** Information given follows **
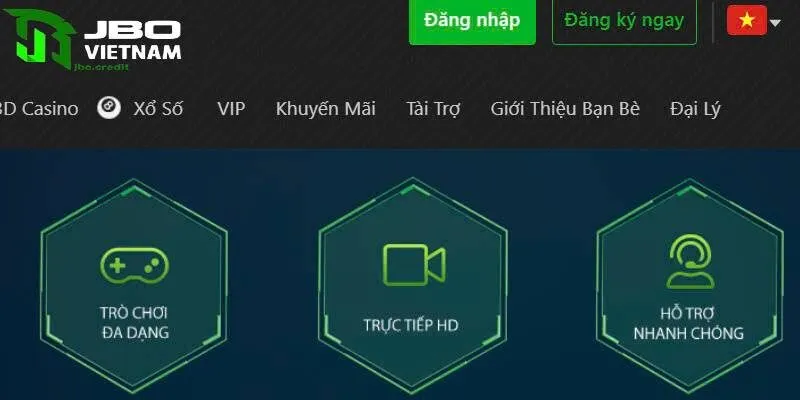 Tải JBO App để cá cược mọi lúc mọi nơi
** End of Information given **
** Information given follows **
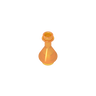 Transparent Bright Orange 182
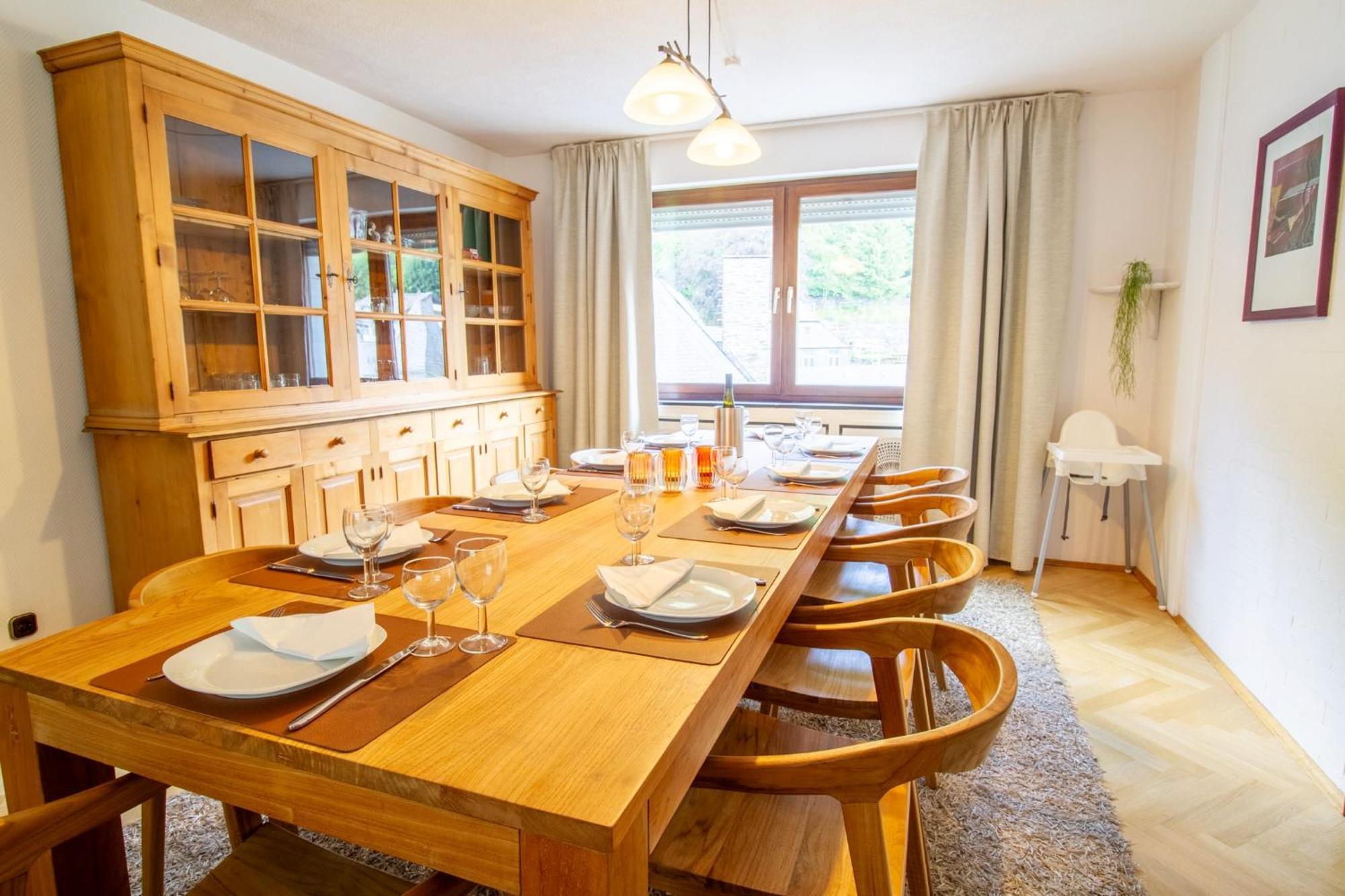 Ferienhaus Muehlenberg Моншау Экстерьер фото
** End of Information given **
** Information given follows **
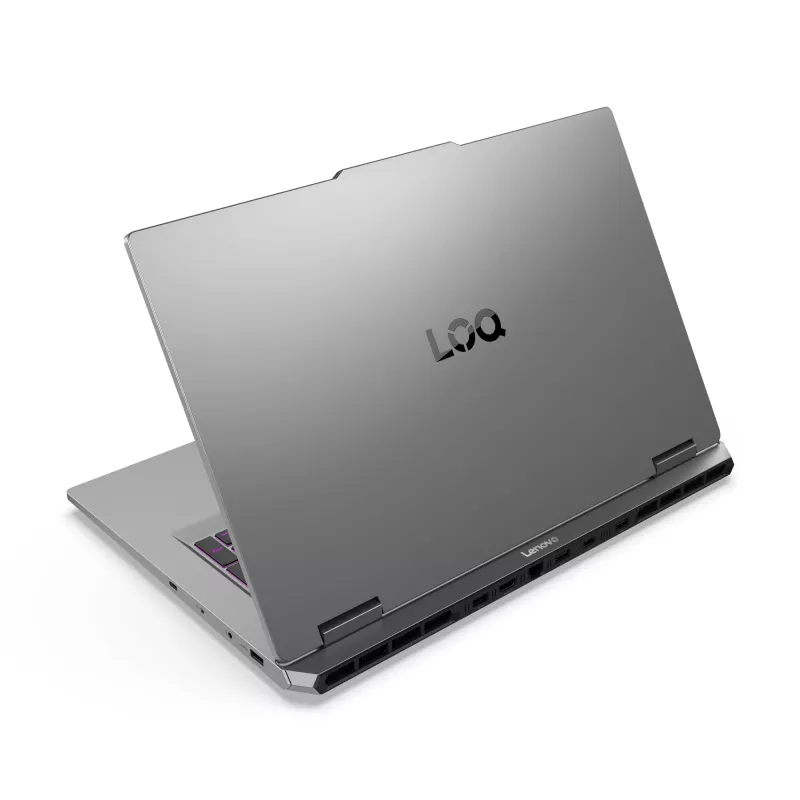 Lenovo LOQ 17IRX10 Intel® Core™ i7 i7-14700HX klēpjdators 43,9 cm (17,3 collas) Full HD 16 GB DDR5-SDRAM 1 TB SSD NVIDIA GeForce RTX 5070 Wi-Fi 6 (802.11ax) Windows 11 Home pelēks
** End of Information given **
§ Task to complete
Going by the entries above, repeat exactly the lines that start at the line with "Transparent Bright Orange 182" and go on through the line with "Ferienhaus Muehlenberg Моншау Экстерьер фото". Pictures are not part of the copy.

§ Output
 Transparent Bright Orange 182
 Ferienhaus Muehlenberg Моншау Экстерьер фото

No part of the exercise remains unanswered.